EXERCISE DETAILS>
Down to the last line, restate the records below word for word, dropping every image.

DATA UNDER STUDY>
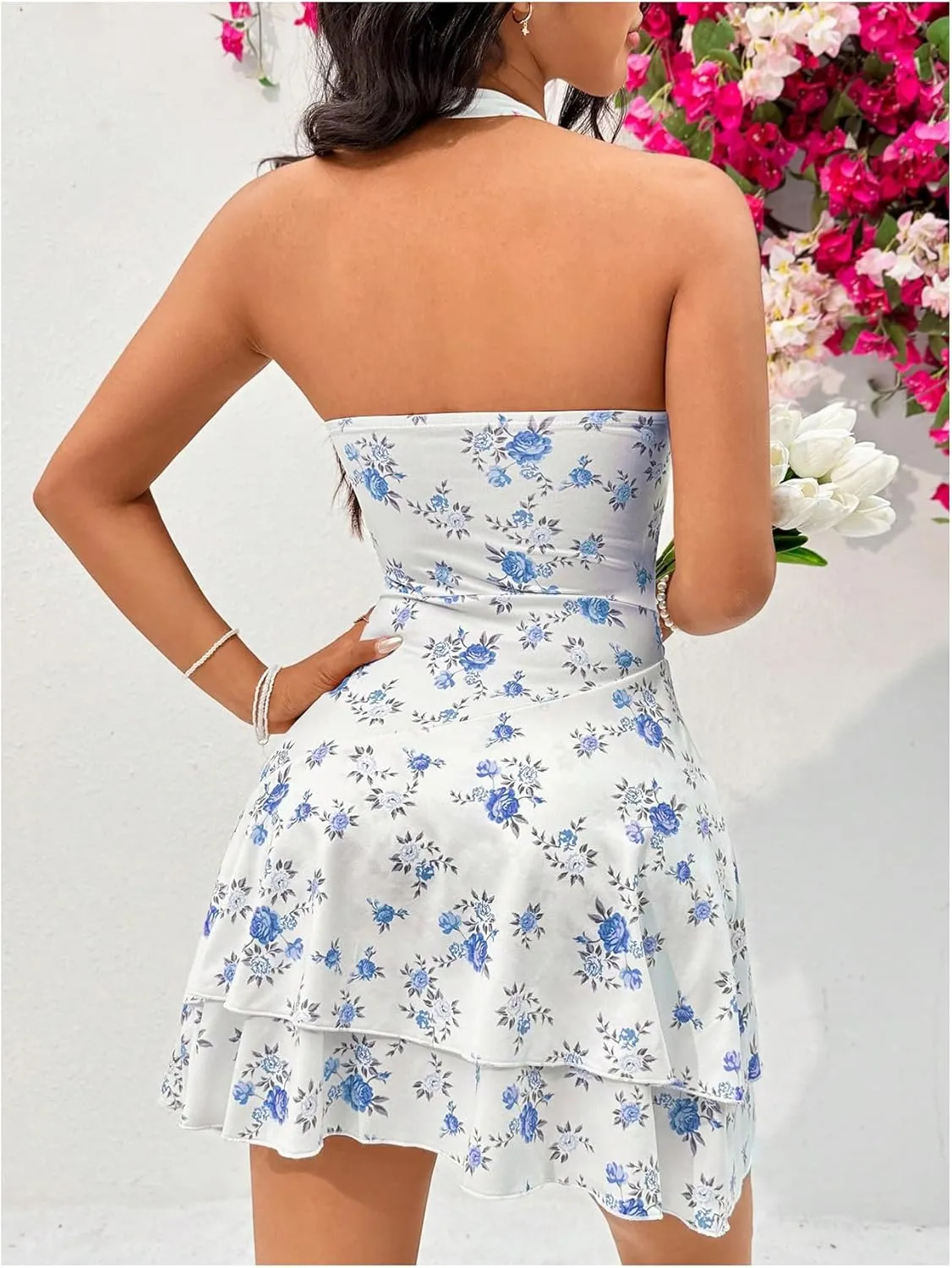 Floerns Women's Cute Summer Halter Neck Floral Print Short Sundress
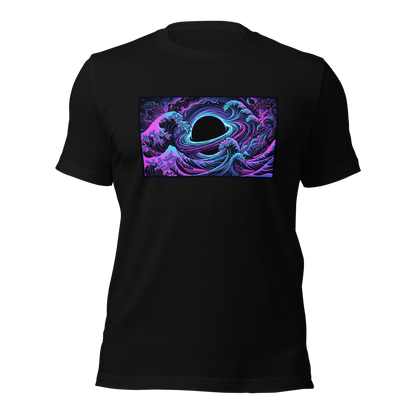 Hokusai Event Horizon t-shirt front view with Japanese wave meets black hole design by IMBRIUM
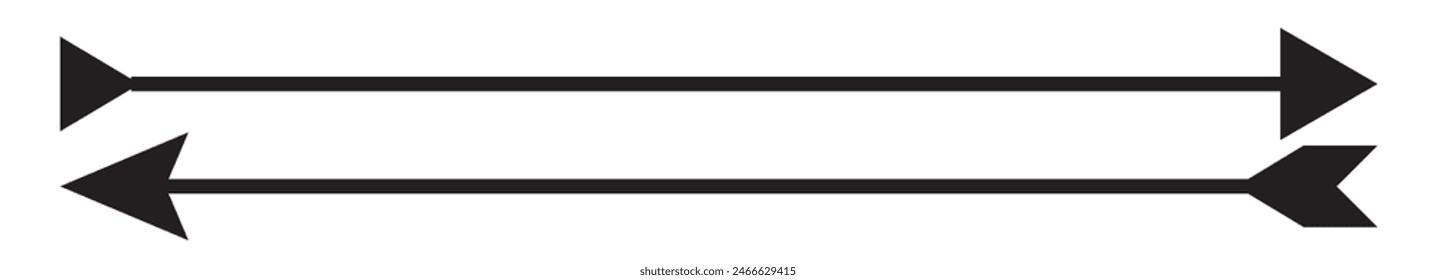 Long arrows icon set. Vector set of trendy long arrows left and right in flat style. Black arrows vector illustration. Icons isolated.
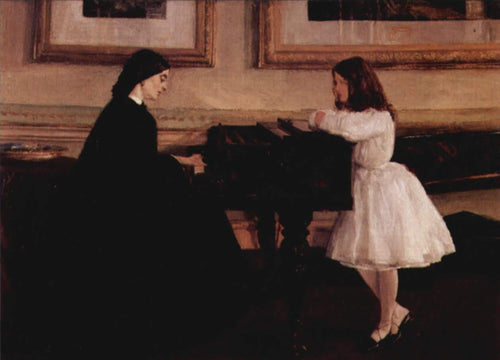 No piano (James Abbott McNeill Whistler) - Reprodução com Qualidade Museu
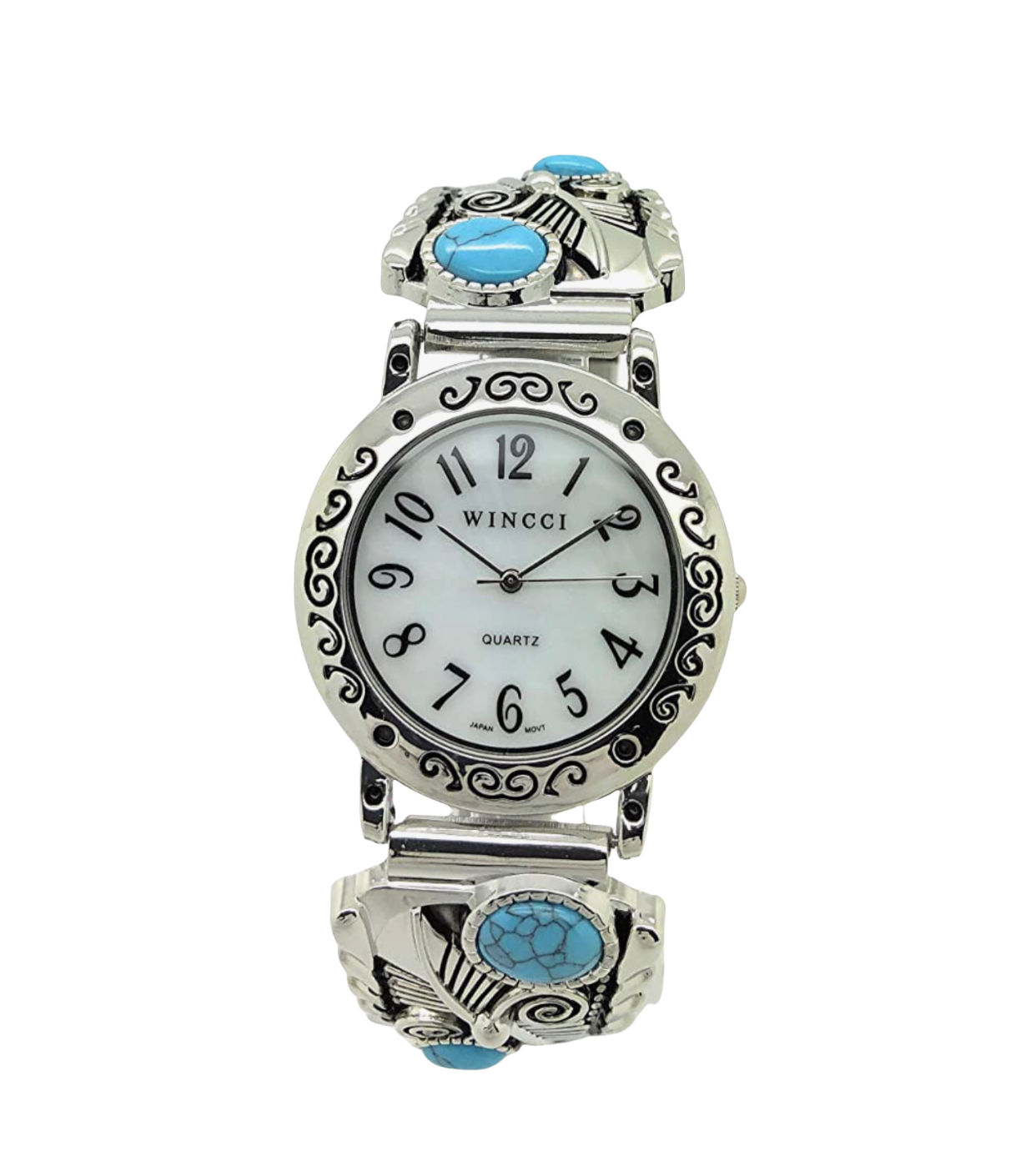 Unisex 35mm Turquoise Western Stretch Elastic Band Fashion Watch with Stones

SOLUTION FOR THIS TASK>
 Floerns Women's Cute Summer Halter Neck Floral Print Short Sundress
 Hokusai Event Horizon t-shirt front view with Japanese wave meets black hole design by IMBRIUM
 Long arrows icon set. Vector set of trendy long arrows left and right in flat style. Black arrows vector illustration. Icons isolated.
 No piano (James Abbott McNeill Whistler) - Reprodução com Qualidade Museu
 Unisex 35mm Turquoise Western Stretch Elastic Band Fashion Watch with Stones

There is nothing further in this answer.